In a dramatically evolving situation rarely seen in the world of economic policymaking, RBI has come back in a big way to defend the rupee, whatever the cost. In light of the visible compromise of monetary independence and resulting liquidity tightening stance doing little to shore up the beleaguered currency, policy activism has now resorted to capital controls.
RBI is making attempts to raise capital flows and hinder outflows. Now that strong US yields seem to be largely structural in nature and the Indian policy-making seeking to arrest the rupee's free-fall, there are clear indications of compromising the monetary stance (involving further monetary tightening) and imposition of fresh capital controls (not ruled out now).
Until the latest move, the policy was essentially moving between pegged exchange rate (a floor on the INR) and an independent monetary policy in view of a largely open capital account on the standard trilemma. However, the latest set of capital controls indicates desperate willingness to compromise every standard and established revisionist view on economic policymaking. The question that arises thus; can these moves really have an impact, even on a short-term basis. The answer is a big no, for a set of reasons.

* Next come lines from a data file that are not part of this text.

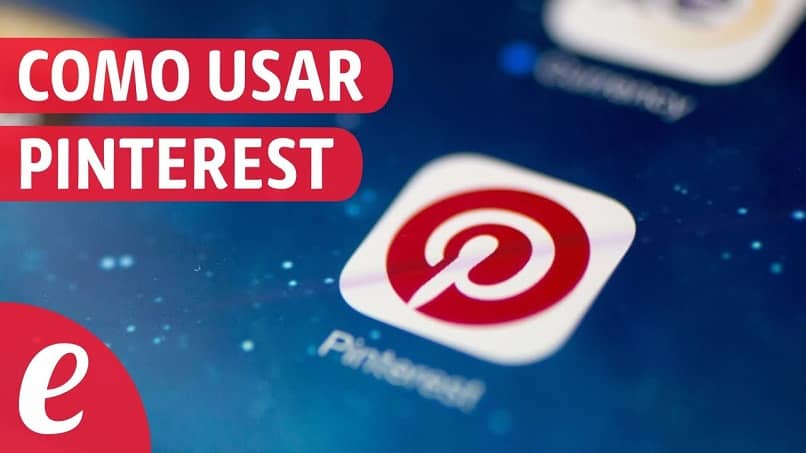 Pinterest hace su llegada a iOS y Android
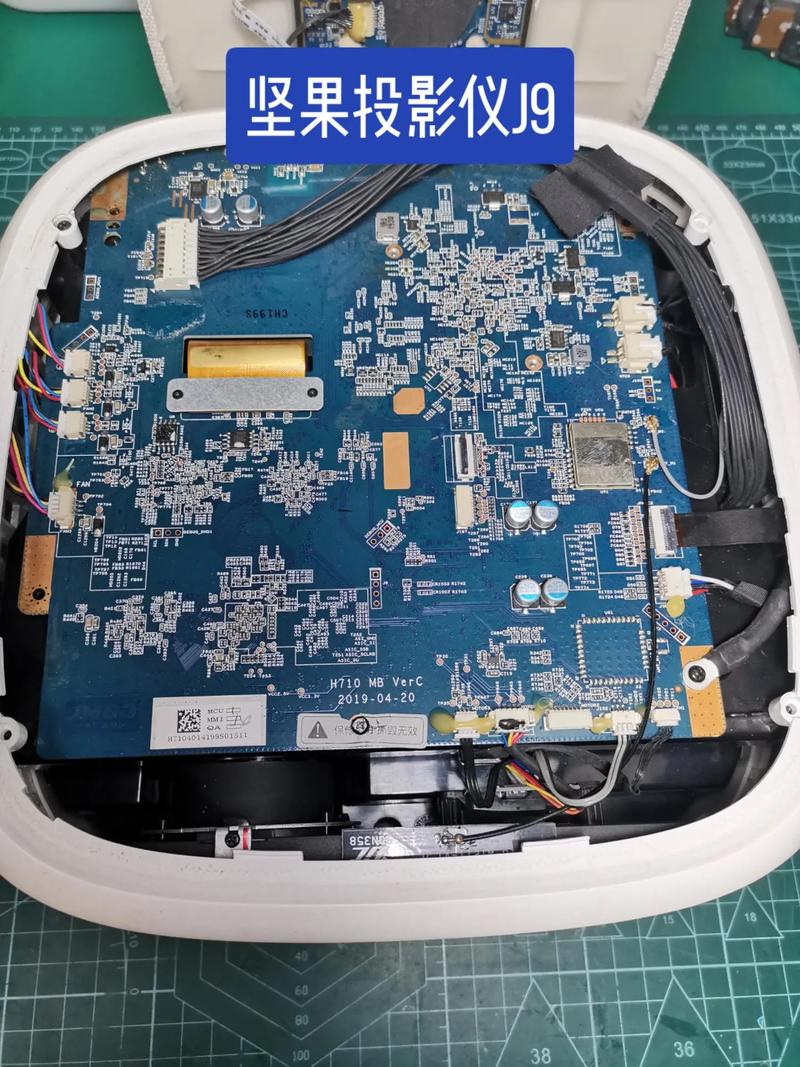 三洋投影维修手册哪里找?故障怎么修?-图1 三洋投影维修手册哪里找?故障怎么修?-图1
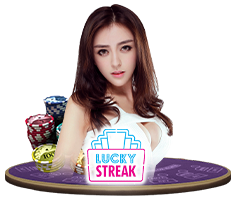 lucky streak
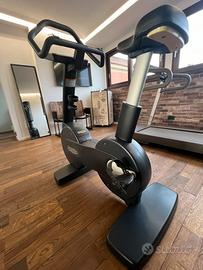 Cyclette TechnoGym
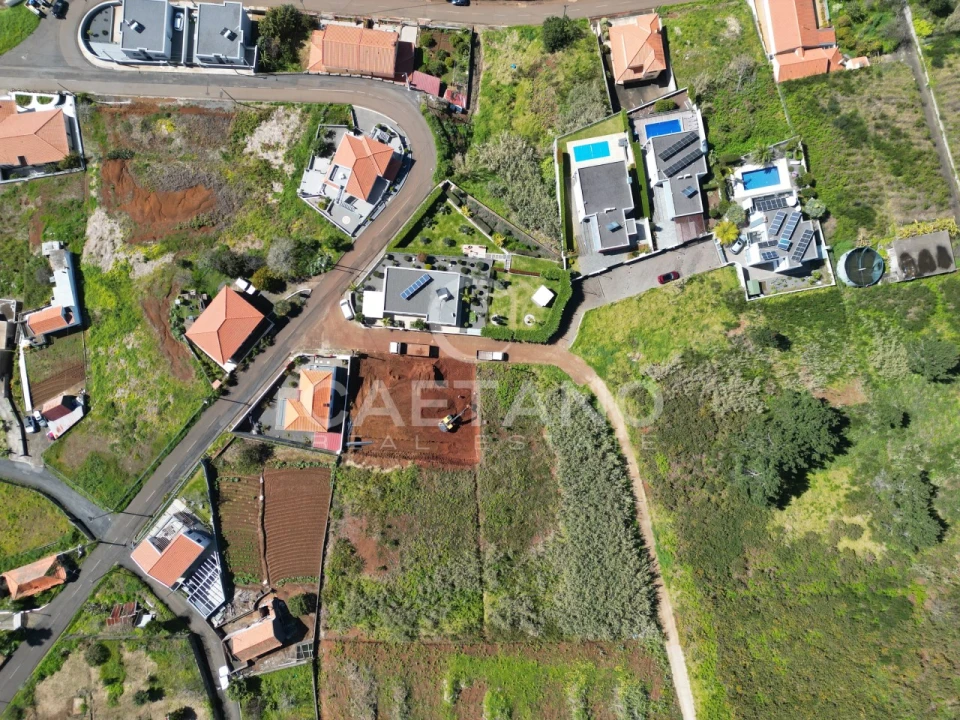 Terreno para Venda em Prazeres Foto 32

First, real rates matter. And this matter adjusted to CPI, the inflation people of India face. CPI adjusted real rates are negative in India for three years. But RBI feared missing the bus on growth. Monetary policy turned aggressive in cutting rates even as no visibility had emerged on either CPI inflation or the current account deficit. Indeed, a negative real interest rate and a rigid current account funded by volatile capital flows drived the undercurrent against rupee, exposing it to the externalities of rising US realty rates and strength of the dollar. The fact that all EMEs' currencies are facing depreciation against USD can't take away the concern that this sharp depreciation in rupee does have roots in the fundamental concerns on the economy.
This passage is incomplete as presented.